Davide Monteleone (born 1974) is an Italian photographer. He won World Press Photo awards in 2007, 2009, and 2011. Since 2019 Monteleone is a National Geographic Storytelling Fellow.

Biography
Monteleone was born in 1974. He studied engineering but gave up on it and decided to study photography and journalism. He traveled to the United States and then to the United Kingdom to study those subjects. He started his career in 2000, working with Italian and international magazines. At the end of 2001 he moved to Moscow, where he stayed till 2003. Since then he has traveled back and forth between Italy and Russia, continuing his editorial work.
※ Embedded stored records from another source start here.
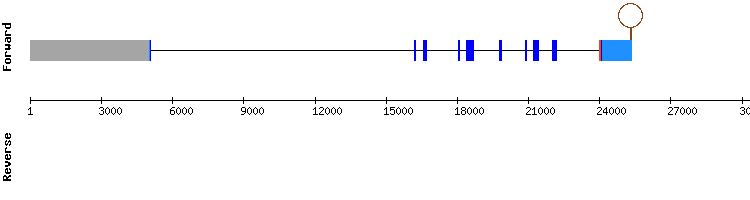 gene structure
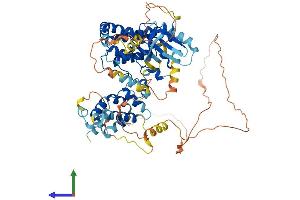 AlphaFold protein structure predicition of Mouse Recombinant Ripk1 Protein, UniprotID Q60855 (RIPK1 Protein (AA 1-656) (His tag))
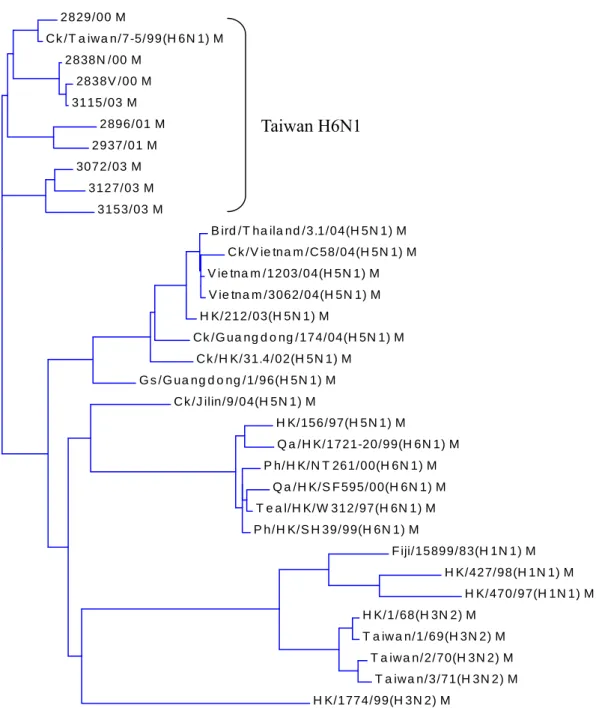 Fig. 7. Phylogenetic tree constructed from M gene nucleotide sequences (7-909).   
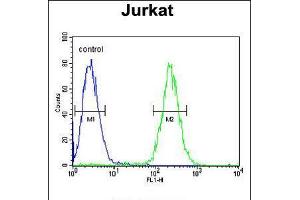 Flow cytometric analysis of Jurkat cells (right histogram) compared to a negative control cell (left histogram). (GNAT1 Antikörper  (C-Term))
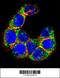 Mucin 20, Cell Surface Associated antibody, 63-224, ProSci, Immunofluorescence image 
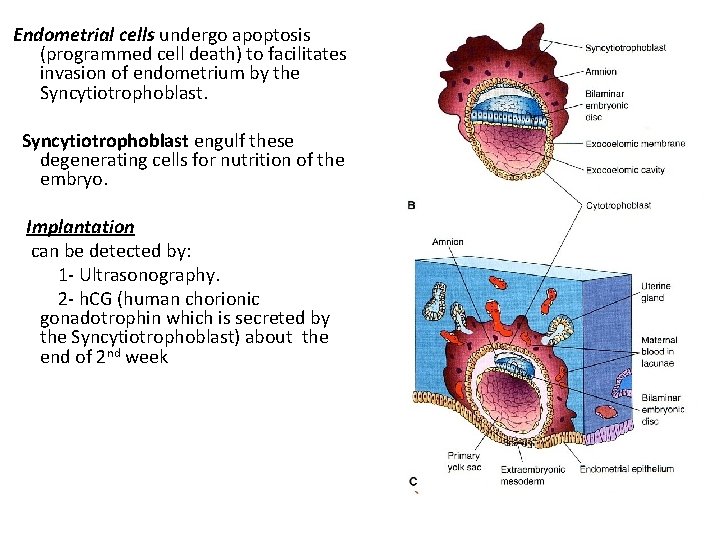 Endometrial cells undergo apoptosis (programmed cell death) to facilitates invasion of endometrium by the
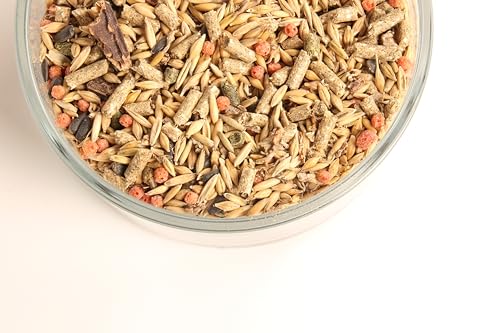 Kaninchenmix, Kaninchenfutter (10kg), Memmendorfer Kaninchenmix – Alleinfuttermittel für Hasen und Kaninchen, Proteinquelle, nachhaltig angebaut mit Luzerne aus Deutschland von Generisch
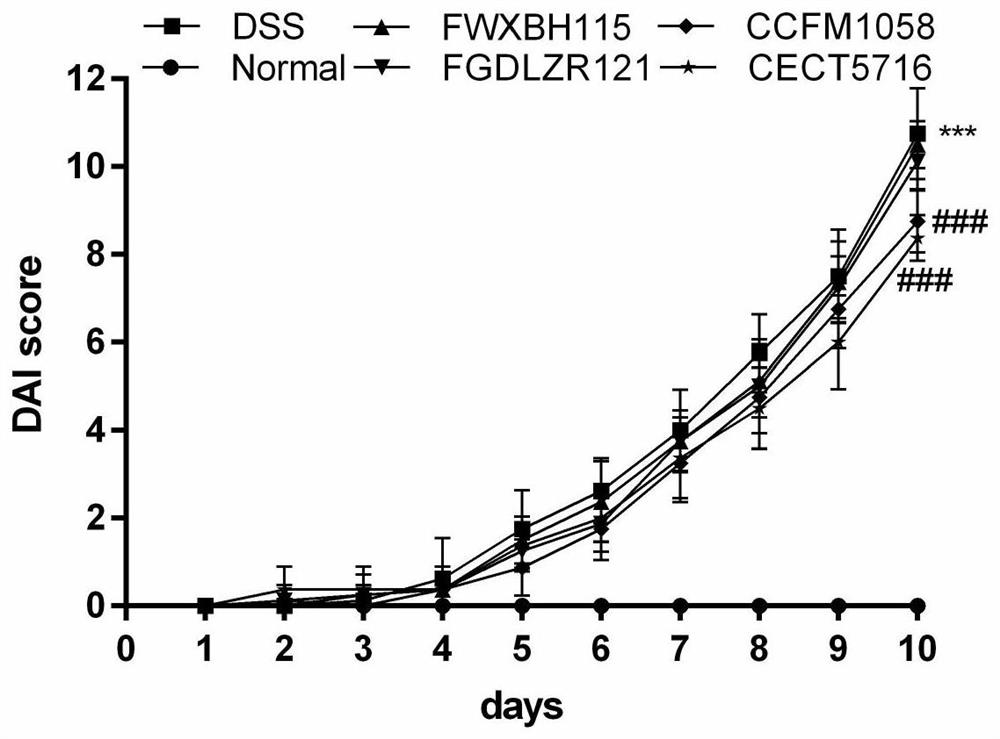 A strain of Lactobacillus fermentum capable of regulating intestinal tight junction proteins and its application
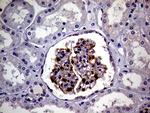 PCMT1 Antibody in Immunohistochemistry (Paraffin) (IHC (P))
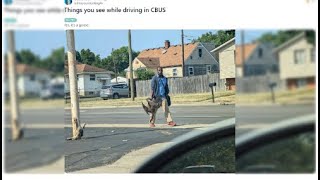 New details uncovered about viral goose photo as Springfield’s immigration surges  WHIOTV [upl. by Clifford]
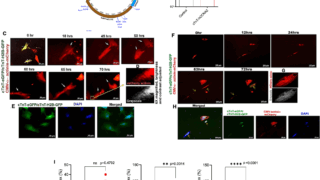 特定の遺伝子が心臓の自己修復を促進(A Specific Human Gene Can Help the Heart Repair Itself From Heart Attack or Heart Failure)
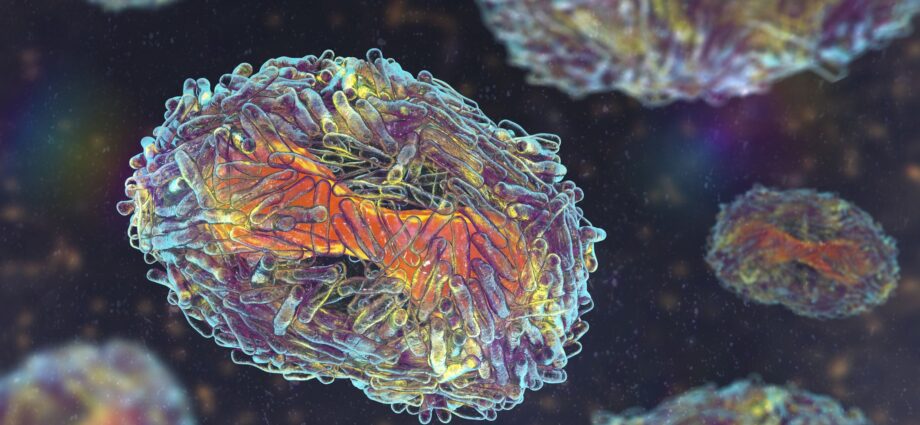 Monkeypox Has the Potential to Mutate and Resist Antiviral Treatment, FDA Warns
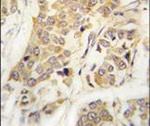 CDH8 Antibody in Immunohistochemistry (IHC)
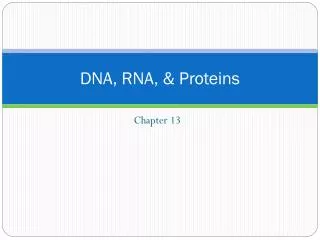 DNA, RNA, &amp; Proteins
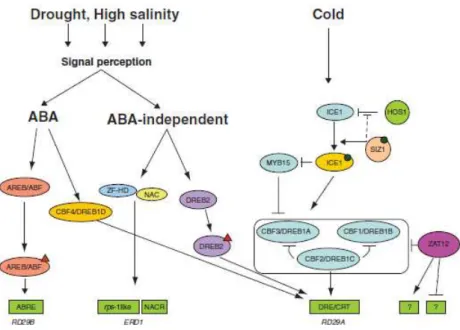 Figure 2. Transcriptional network of abiotic stress responses. Transcription  factors  and  post-translational  modifying  enzymes  are  represented  in  ovals  and  circles,  respectively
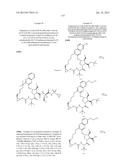 INHIBITORS OF HEPATITIS C VIRUS diagram and image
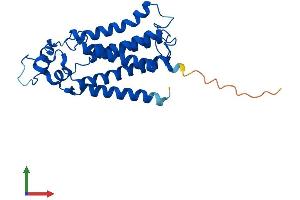 AlphaFold protein structure predicition of Mouse Recombinant Plpp5 Protein, UniprotID Q3UMZ3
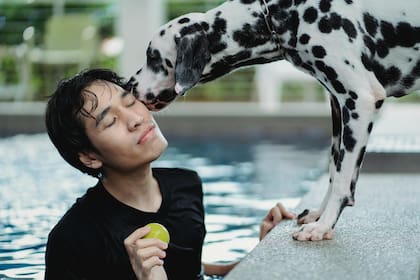 Algunos estudios relacionan a las bacterias de los perros con el desarrollo de alergias y asma en humanos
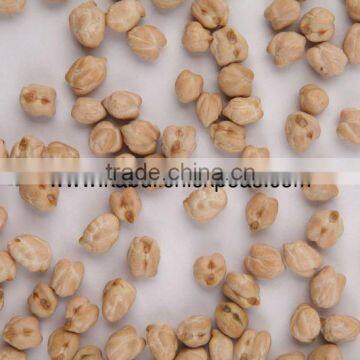 Protein Chickpeas Supplier photo-4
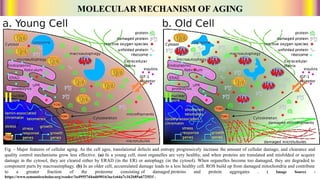 Fig. - Major features of cellular aging. As the cell ages, translational defects and entropy progressively increase the amount of cellular damage, and clearance and
quality control mechanisms grow less effective. (a) In a young cell, most organelles are very healthy, and when proteins are translated and misfolded or acquire
damage in the cytosol, they are cleared either by ERAD (in the ER) or autophagy (in the cytosol). When organelles become too damaged, they are degraded to
component parts by macroautophagy. (b) In an older cell, accumulated damage leads to a less healthy cell. ROS build up from damaged mitochondria and contribute
to a greater fraction of the proteome consisting of damaged proteins and protein aggregates . ( Image Source -
https://www.semanticscholar.org/reader/3a49557d4ad690163ae1e64a7c162b85a6725f1f ).
 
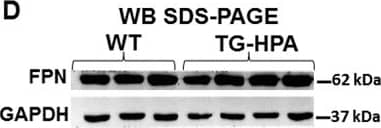 Ferroportin/SLC40A1 Antibody - BSA Free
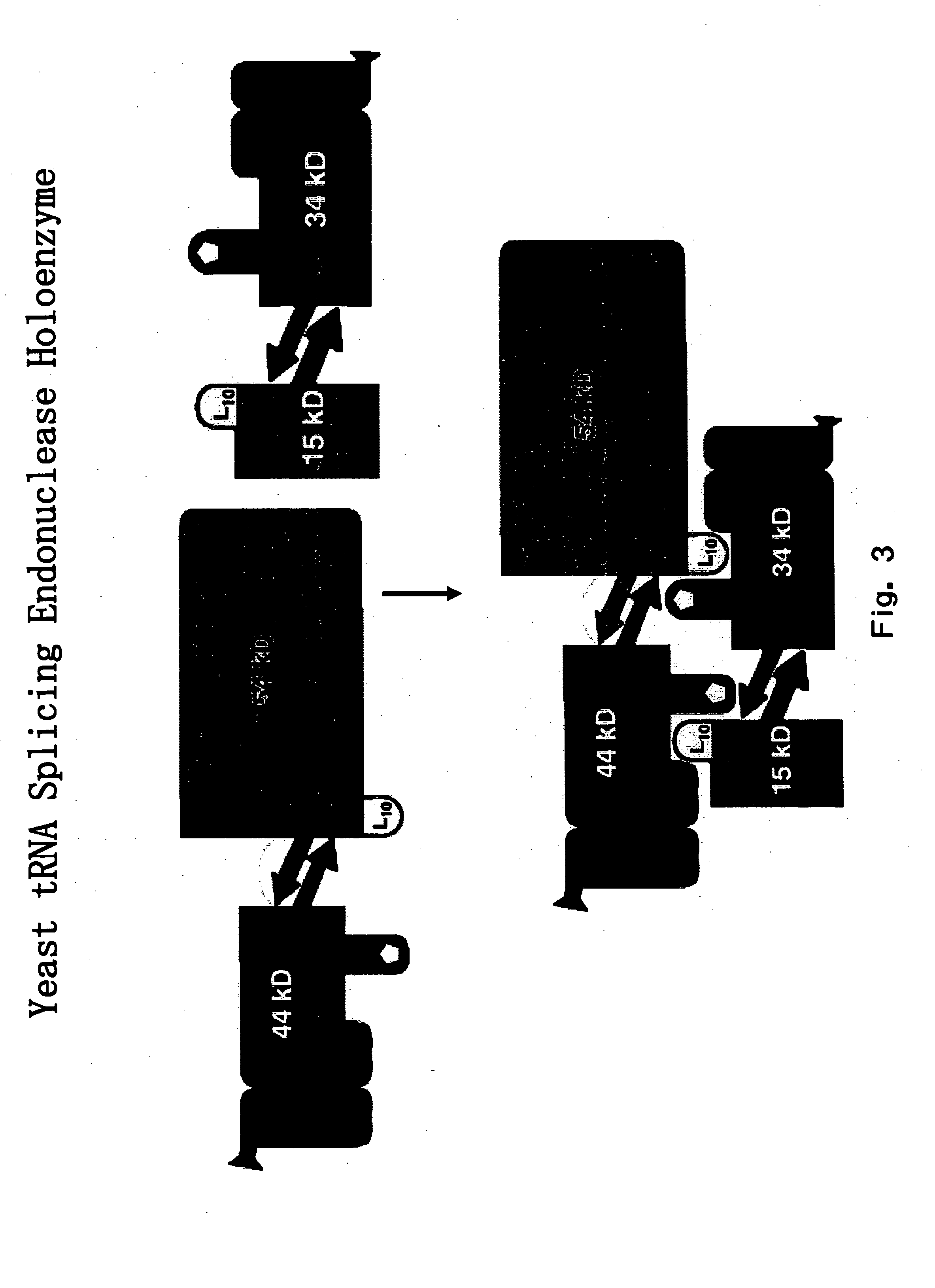 RNA processing protein complexes and uses thereof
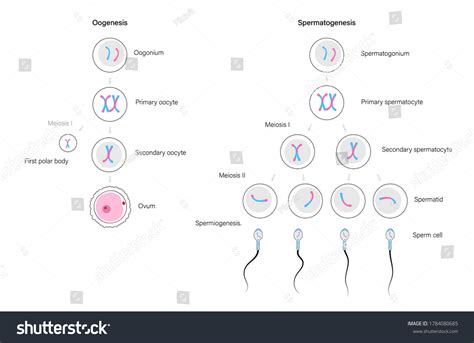 Vektor Stok Spermatogenesis Oogenesis Cell Division Dna Replication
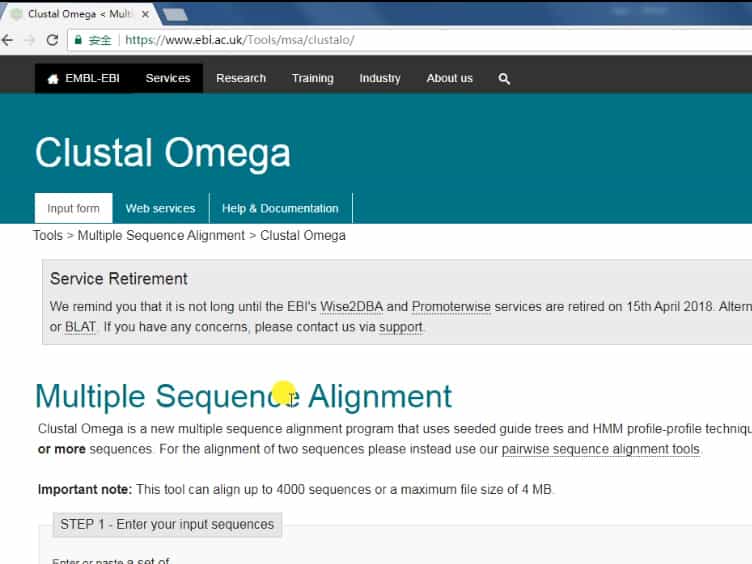 Using Phylogenetic Analysis to Investigate Eukaryotic Gene Origin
In 2007 Monteleone published his first book, Dusha (in English, Soul) and two years later published a second one, La Linea Inesistente. In 2012 he published a book titled Red Thistle, winner of, among other prizes, the European Publishers Award for Photography, the Aftermath Grant, and the Burn Emergency Photographer Grant.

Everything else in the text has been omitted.